Wer sein Auto regelmäßig in einer engen Garage oder auf einem schwierigen Stellplatz parkt, dürfte den optionalen Park Assist Pro schnell schätzen lernen. Das System kann Parkmanöver auf einer Strecke von bis zu 50 Metern speichern und später selbstständig wiederholen. Je nach Ausstattung lässt sich der Tiguan sogar von außen per Smartphone ein- und ausparken.
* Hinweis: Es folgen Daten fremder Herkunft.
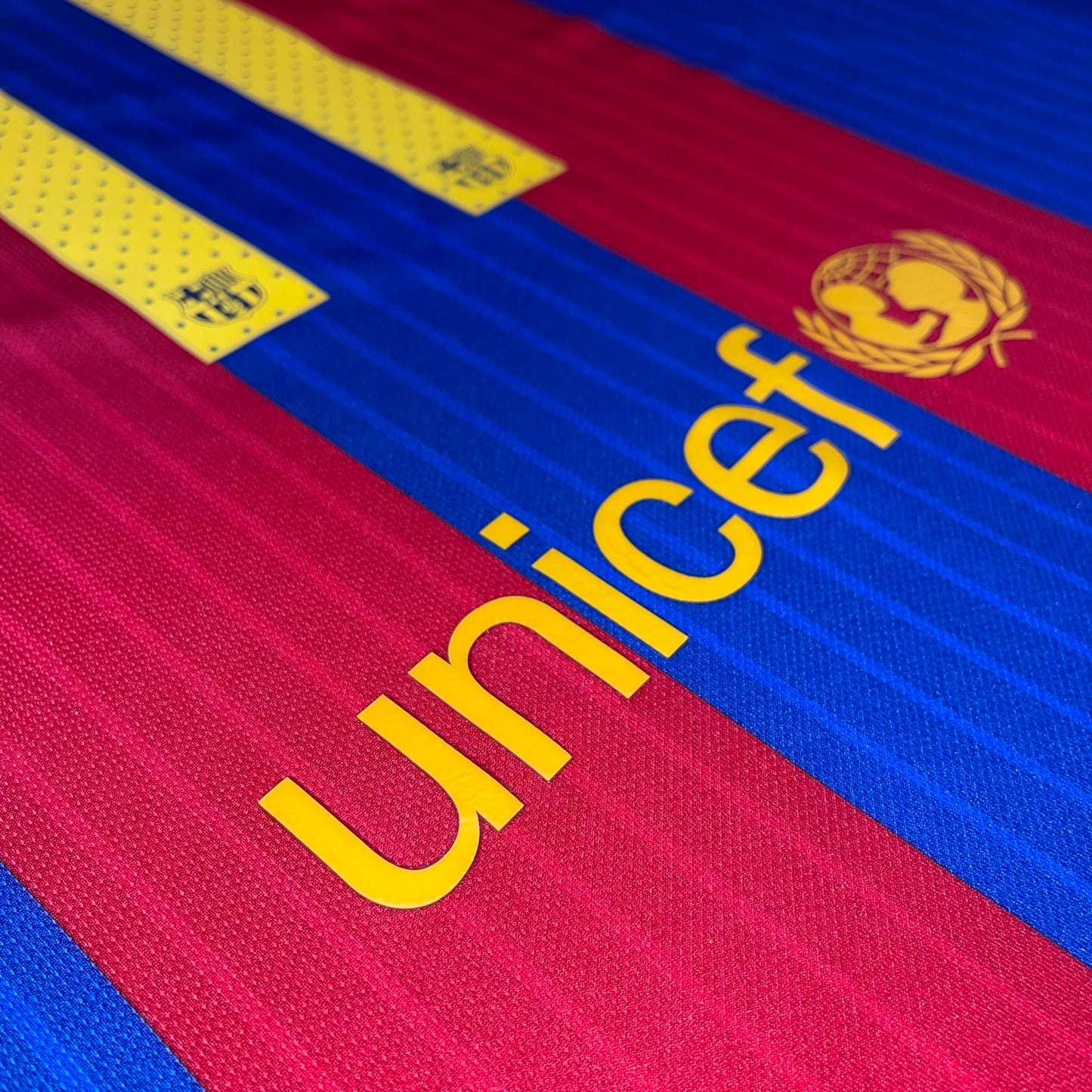 Barcelona 16/17 Local #11 Neymar M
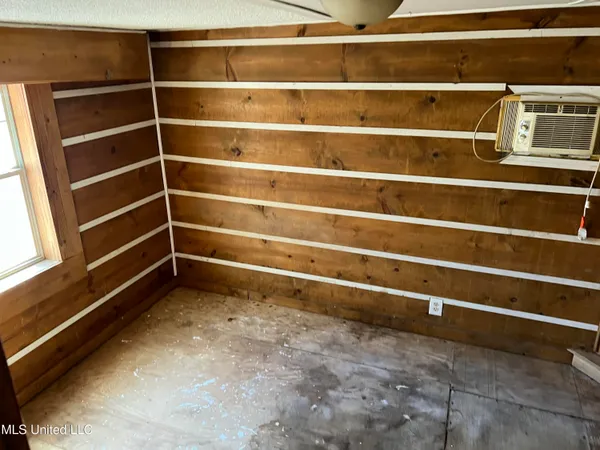 $63,000 | 1025 Lake Arrowhead Drive, Hickory Flat, MS 38633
Für mehr Komfort auf längeren Reisen stehen außerdem ein adaptives DCC-Pro-Fahrwerk und Vordersitze mit Massagefunktion (beides ebenfalls nur gegen Aufpreis) zur Verfügung.

Volkswagen Tiguan

Hier ist Einparken noch ohne Stress möglich – auf engem Raum kann der optionale Park Assist Pro den Tiguan eHybrid sogar per Smartphone in die Lücke manövrieren (Bildquelle: © Volkswagen).

Vorgestellte Plug-in-Hybrid-Modelle im Überblick

Elektrische Reichweite, Leistung, Ladetechnik und Einstiegspreis unterscheiden sich je nach Modell deutlich. Wir haben für Sie die wichtigsten technischen Daten der vorgestellten Plug-in-Hybride gebündelt.

Modell
Systemleistung
Antrieb
Elektrische Reichweite nach WLTP
Schnellladen
Preis der PHEV-Basisversion
Ford Kuga Plug-in-Hybrid
178 kW (243 PS)
Frontantrieb
bis zu 68 km
nein
ab 45.500 Euro
Hyundai Tucson Plug-in-Hybrid
212 kW (288 PS)
Front- oder Allradantrieb
bis zu 70 km; mit Allrad bis zu 65 km
nein
ab 45.690 Euro
Kia Sportage Plug-in-Hybrid
212 kW (288 PS)
Front- oder Allradantrieb
bis zu 69 km
nein
ab 43.100 Euro
Mitsubishi Outlander Plug-in-Hybrid
225 kW (306 PS)
Allradantrieb
bis zu 85 km
ja, bis zu 40 kW über CHAdeMO
ab 49.990 Euro
Opel Grandland Plug-in-Hybrid
166 kW (225 PS)
Frontantrieb
bis zu 87 km
nein
ab 46.150 Euro
Škoda Kodiaq iV
150 kW (204 PS)
Frontantrieb
bis zu 122 km
ja, bis zu 50 kW
ab 49.920 Euro
VW Tiguan eHybrid
150 bzw. 200 kW (204 / 272 PS)
Frontantrieb
bis zu 125 km
ja, bis zu 50 kW
ab 55.270 Euro

Quelle: Herstellerangaben, Stand Juli 2026. Preise als unverbindliche Herstellerempfehlung inklusive Mehrwertsteuer, in der Regel ab Werk und zuzüglich Überführungskosten. Zeitlich begrenzte Rabatte wurden nicht berücksichtigt. Reichweite und Ladeleistung können je nach Ausstattung, Ladestand, Akkutemperatur, Wetter und Fahrweise abweichen.